Widowiskowe sprinty ósemek wioślarskich można było w niedzielę podziwiać na Jeziorze Ełckim. By wziąć udział w rywalizacji do miasta zjechało 12 załóg z całej Polski. Niestety, jak powiedział Sebastian Kosiorek z Międzyszkolnego Ośrodka Sportowego, który był organizatorem zmagań, w rywalizacji nie wzięły udziału m.in. zaproszone osady zza granicy. Powód? Zawodnicy nie otrzymali koniecznych wiz. Ci, którzy do Ełku dotarli ścigali się na dystansie 300 metrów. Goście chwalili Ełk za bardzo dobre warunki naturalne- lokalizacja akwenu praktycznie w centrum miasta i malownicza promenada wzdłuż trasy wyścigów, zachęcały spacerowiczów do kibicowania wioślarzom podczas startów.

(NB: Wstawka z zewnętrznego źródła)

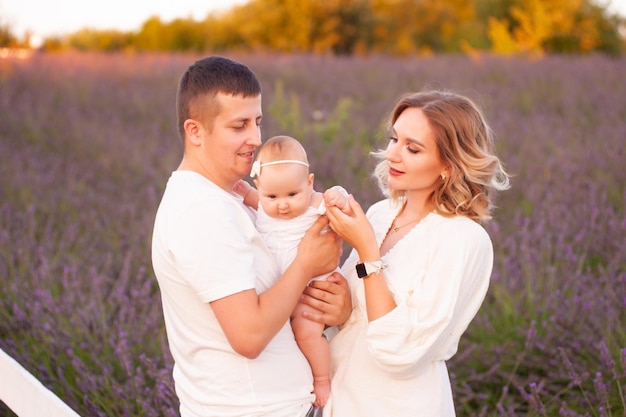 Beautiful young family on purple flower lavender field. Family vacation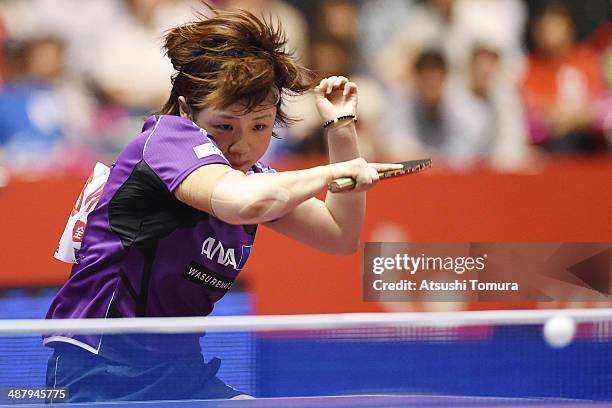 Yuka Ishigaki of Japan plays a forehand against Jie Li of Netherlands during day six of the 2014 World Team Table Tennis Championships at Yoyogi...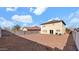 Spacious backyard with gravel and a two-story house at 219 E Beth Dr, Phoenix, AZ 85042
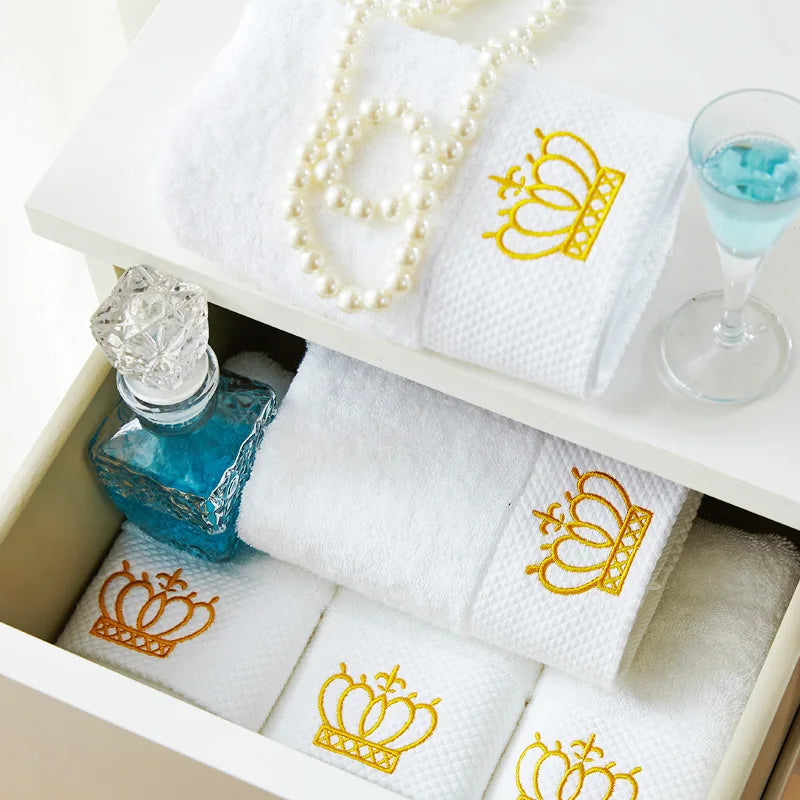 White towels with gold crowns, a bottle of blue perfume, and a glass with blue liquid on a white surface.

Jednak dobra lokalizacja to nie wszystko. – Przygotowanie takiej imprezy to ogrom pracy i duże koszty – zaznacza Andrzej Koc, dyrektor Międzyszkolnego Ośrodka Sportowego. Jak dodaje – czy będzie to impreza cykliczna zależy od możliwości pozyskania sponsorów w przyszłości.
Psikusa spłatała natomiast pogoda- nie zabrakło ulewnego deszczu. Jednak nie zniechęcił on ani widzów, ani tym bardziej zawodników. W doskonałych nastrojach kontynuowali zawody na tafli Jeziora Ełckiego. Wśród załóg, które zjechały do Ełku nie zabrakło tych, z których młodzi mogliby brać przykład. A mowa o ekipie, w której średnia wieku wynosiła ponad 70 lat. Jak przyznali w rozmowie z Radiem 5 seniorzy – wioślarstwo to ich sposób na życie.
Wyścigi wioślarskie można było obserwować na promenadzie do wieczora.
Patronem medialnym zawodów było Radio 5.